Amid driving snow and inclement weather, the funeral prayer service of Fahim was attended by droves of dignitaries and mourners. Ansari paid rich tributes to “a true partner of India” and glowingly described Fahim as an “illustrious son of Afghanistan” and a towering leader of the Afghan people. The 57-year-old Fahim was a close lieutenant of charismatic Northern Alliance commander Ahmad Shah Masood, and visited India in 2011.
Ansari also held talks with Afghan President Hamid Karzai on a wide gamut of bilateral issues. The India-educated Afghan leader briefed the vice-president on the preparations in his country for the landmark polls April 5.
Thanking Ansari for braving snow and bad weather to attend the funeral, Mr Karzai said that this reflected the “all weather” nature of India-Afghanistan relations. He stressed that whatever the outcome of the forthcoming elections and the orientation of the new leadership, friendship with India would remain a “top priority” for any new government of Afghanistan.
Ansari, on his part, conveyed that the friendship between the people of India and Afghanistan existed much before the friendship between governments and underlined an across-the-board consensus about the continuance of good relations with Afghanistan.
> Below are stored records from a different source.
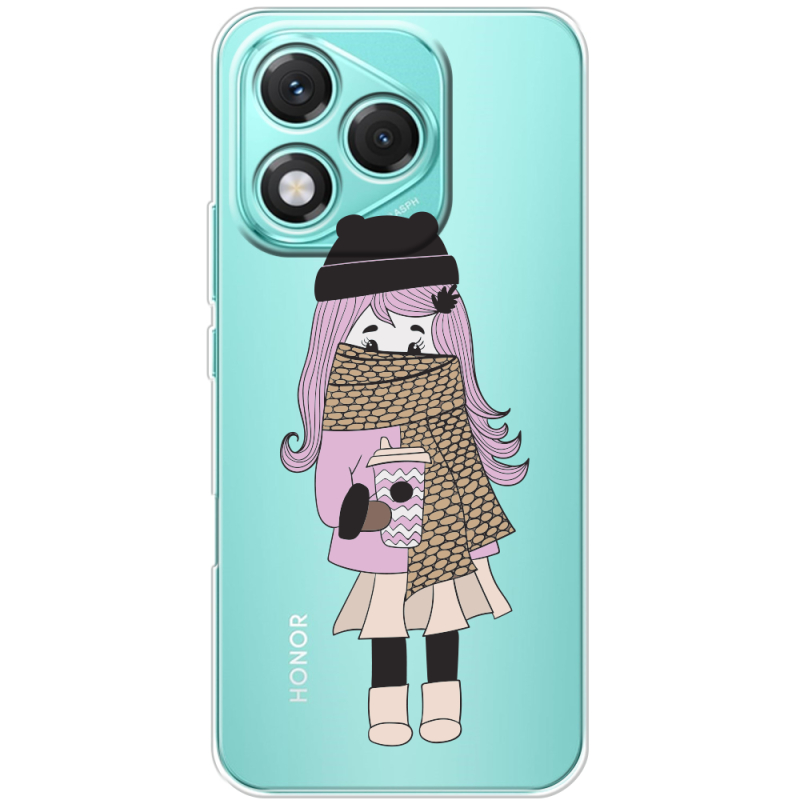 Прозорий чохол BoxFace Honor 400 Lite Winter Morning Girl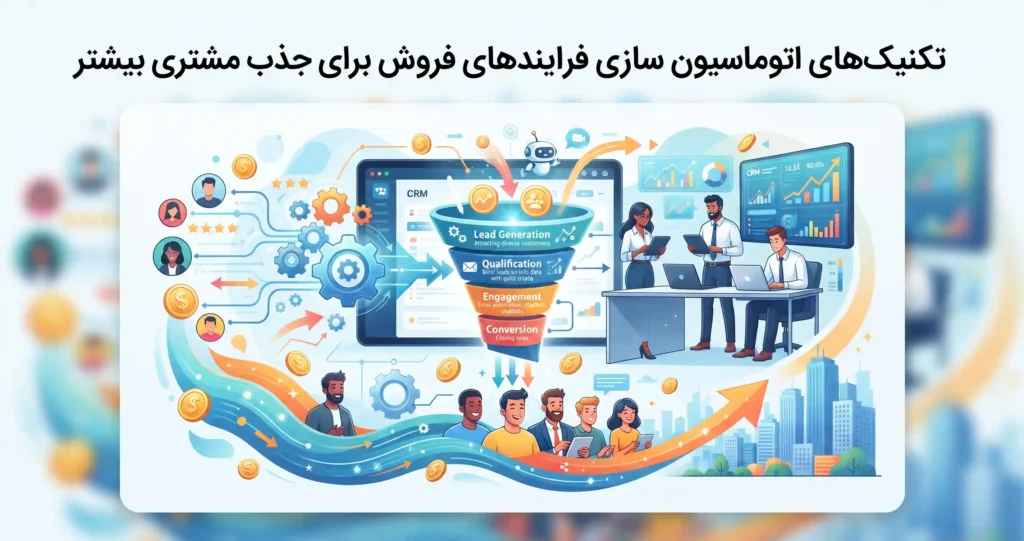 تکنیک‌های اتوماسیون سازی فرایندهای فروش برای جذب مشتری بیشتر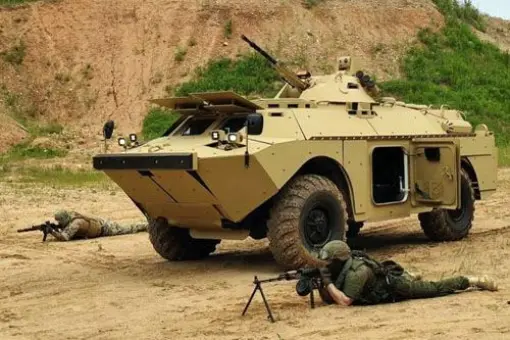 Pierwszy pokaz BRDM-2MB Biekas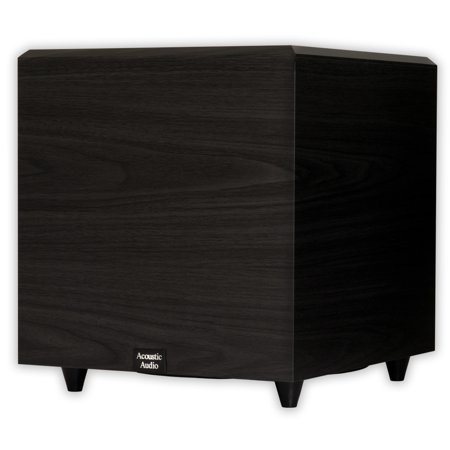 lot 9589 image: Acoustic Audio PSW12 12  Down-Firing Powered Subwoofer
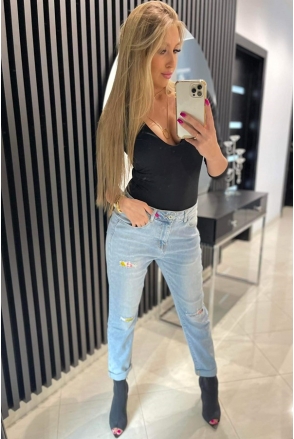 SPODNIE damskie JEANS BOYFRIEND Denim BF231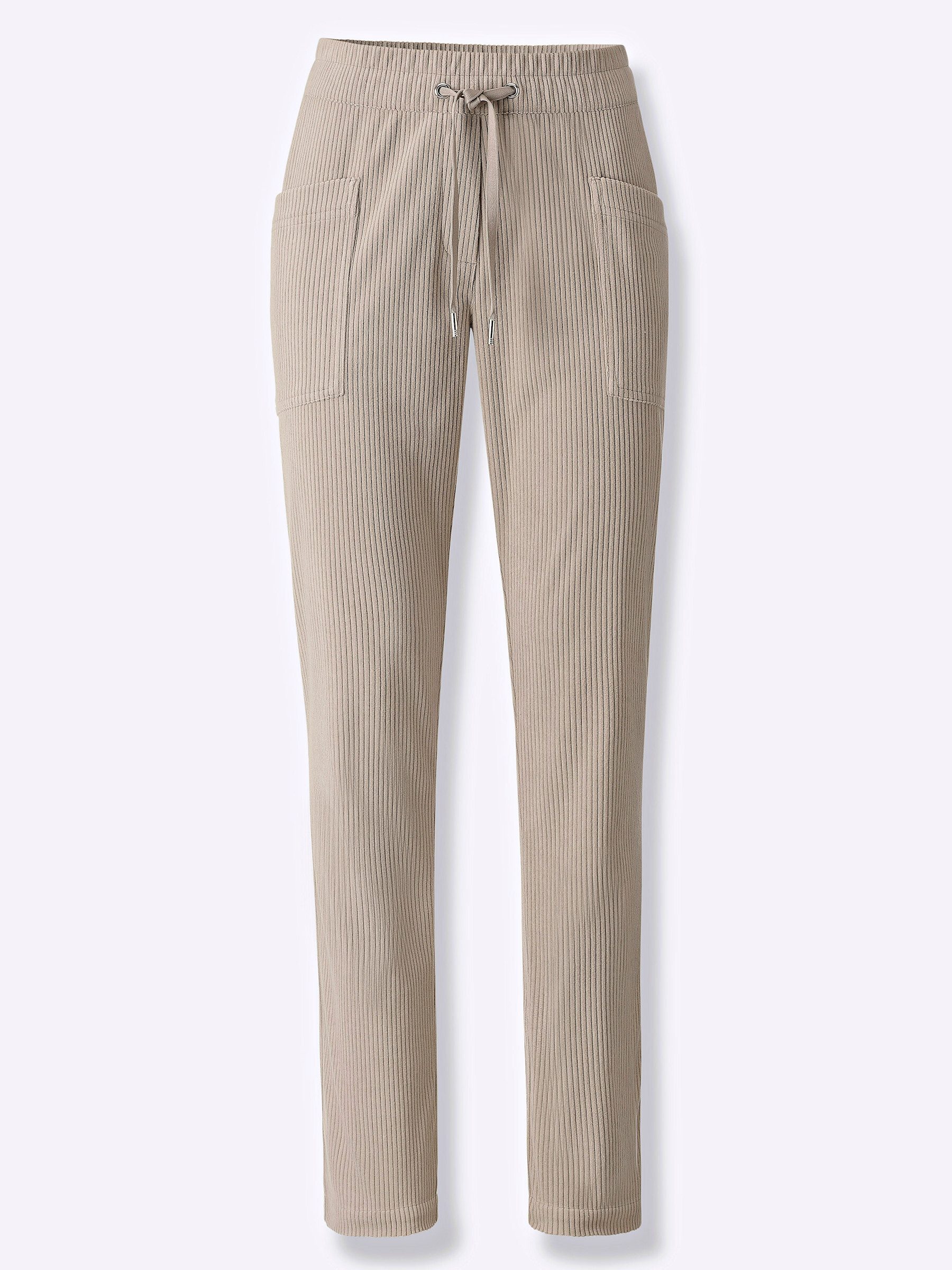 Jerseyhose Feincord-Hose komfortabel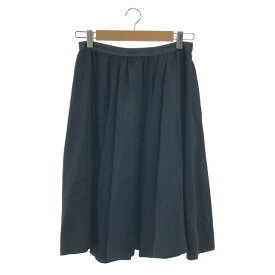 J&M DAVIDSON / ジェイアンドエムデヴィッドソン | ウール フレアスカート | 10 | ブラック | レディース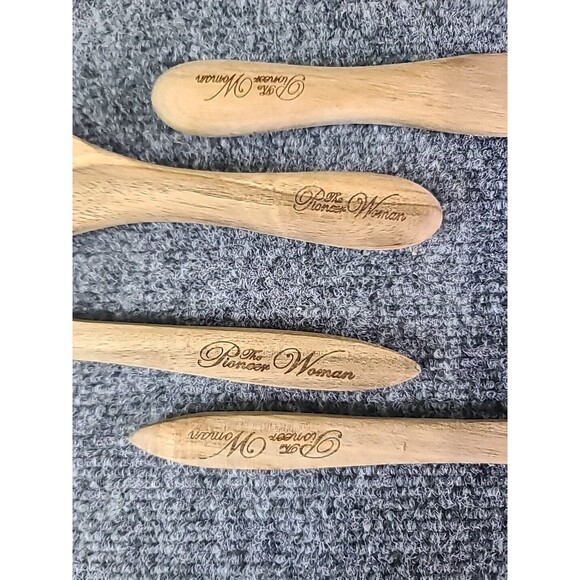 Pioneer Woman Sweet Rose Mini Crock Utensils Set 7-Piece Ceramic Silicone Wood - Picture 4 of 11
He stressed that India’s strong bonds of friendship with Afghanistan were a “matter of conviction, not convenience.”
India is closely watching the evolving situation in the run-up to the Afghan elections in a crucial transition year when foreign combat troops will leave Afghanistan and hand over the security of that country to the Afghan National Security Force. India has huge stakes in peace and stability of Afghanistan in the transformational decade and beyond.
Amid apprehensions of a Taliban takeover of Afghanistan, New Delhi will have to ensure at all costs that its multifarious reconstruction projects that have spawned such a huge reservoir of goodwill for India and Indians in Afghanistan are not adversely impacted due to sinister designs of extremists and terrorists. India has pledged over $2 billion for the reconstruction of Afghanistan and thousands of Indians have risked their lives in building the Afghan parliament, roads, dams, erecting power transmission lines, digging tubewells and running sanitation projects.
India has projected Afghanistan as “a narrative of opportunity,” and the hub of a new silk route spawning prosperity and integration in the region. India and the world community has critical stakes in ensuring that this narrative of hope and resurgence must triumph over the dark forces of terror and medievalism in Afghanistan in 2014 and beyond.